Implements the Feature Steered graph convolution.
tfg.geometry.convolution.graph_convolution.feature_steered_convolution(
    data: type_alias.TensorLike,
    neighbors: tf.sparse.SparseTensor,
    sizes: type_alias.TensorLike,
    var_u: type_alias.TensorLike,
    var_v: type_alias.TensorLike,
    var_c: type_alias.TensorLike,
    var_w: type_alias.TensorLike,
    var_b: type_alias.TensorLike,
    name='graph_convolution_feature_steered_convolution'
) -> tf.Tensor
FeaStNet: Feature-Steered Graph Convolutions for 3D Shape Analysis
Nitika Verma, Edmond Boyer, Jakob Verbeek
CVPR 2018
https://arxiv.org/abs/1706.05206
The shorthands used below are
  V: The number of vertices.
  C: The number of channels in the input data.
  D: The number of channels in the output after convolution.
  W: The number of weight matrices used in the convolution.
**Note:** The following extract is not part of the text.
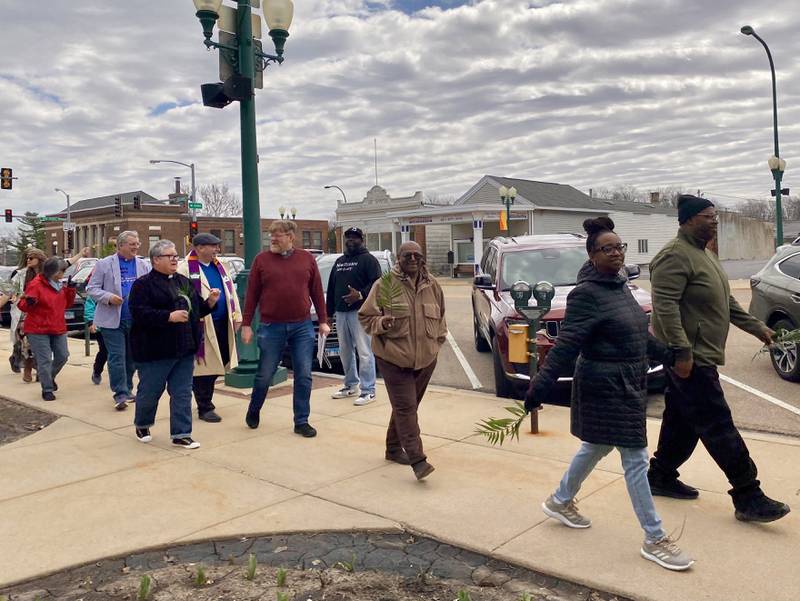 Participants hold signs during a procession at a Palm Sunday Faith Action event on Sunday, March 29, 2026, in front of the DeKalb County Courthouse in Sycamore. Area Christian ministers organized the event to combat the rise of Christian nationalism in the U.S.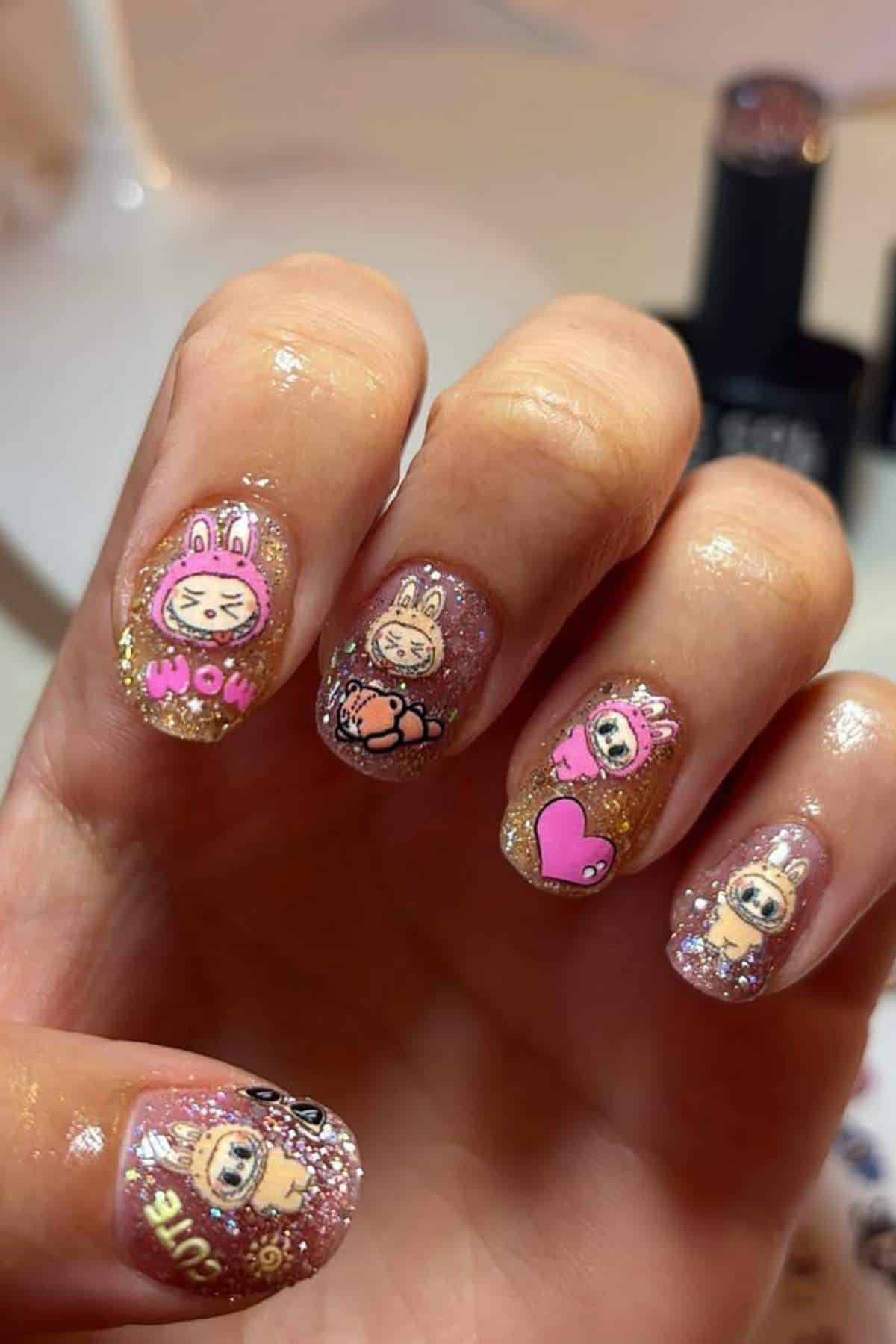 A hand with short nails decorated with glittery polish and cartoon character stickers, including hearts, animals, and text designs.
  The input variables (var_u, var_v, var_c, var_w, var_b) correspond
  to the variables with the same names in the paper cited above.
Note | 
| 
In the following, A1 to An are optional batch dimensions.
 | 
Args | 
data
 | 
A float tensor with shape [A1, ..., An, V, C].
 | 
neighbors
 | 
A SparseTensor with the same type as data and with shape
[A1, ..., An, V, V] representing vertex neighborhoods. The neighborhood
of a vertex defines the support region for convolution. For a mesh, a
common choice for the neighborhood of vertex i would be the vertices in
the K-ring of i (including i itself). Each vertex must have at least one
neighbor. For a faithful implementation of the FeaStNet convolution,
neighbors should be a row-normalized weight matrix corresponding to the
graph adjacency matrix with self-edges: neighbors[A1, ..., An, i, j] > 0
if vertex j is a neighbor of i, and neighbors[A1, ..., An, i, i] > 0 for
all i, and sum(neighbors, axis=-1)[A1, ..., An, i] == 1.0 for all i.
These requirements are relaxed in this implementation.
 | 
sizes
 | 
An int tensor of shape [A1, ..., An] indicating the true input
sizes in case of padding (sizes=None indicates no padding).Note that
sizes[A1, ..., An] <= V. If data and neighbors are 2-D, sizes will
be ignored. An example usage of sizes: consider an input consisting of
three graphs G0, G1, and G2 with V0, V1, and V2 vertices respectively. The
padded input would have the following shapes: data.shape = [3, V, C] and
neighbors.shape = [3, V, V], where V = max([V0, V1, V2]). The true
sizes of each graph will be specified by sizes=[V0, V1, V2],
data[i, :Vi, :] and neighbors[i, :Vi, :Vi] will be the vertex and
neighborhood data of graph Gi. The SparseTensor neighbors should have
no nonzero entries in the padded regions.
 | 
var_u
 | 
A 2-D tensor with shape [C, W].
 | 
var_v
 | 
A 2-D tensor with shape [C, W].
 | 
var_c
 | 
A 1-D tensor with shape [W].
 | 
var_w
 | 
A 3-D tensor with shape [W, C, D].
 | 
var_b
 | 
A 1-D tensor with shape [D].
 | 
name
 | 
A name for this op. Defaults to
graph_convolution_feature_steered_convolution.
 | 
Returns | 
Tensor with shape [A1, ..., An, V, D].
 | 
Raises | 
TypeError
 | 
if the input types are invalid.
 | 
ValueError
 | 
if the input dimensions are invalid.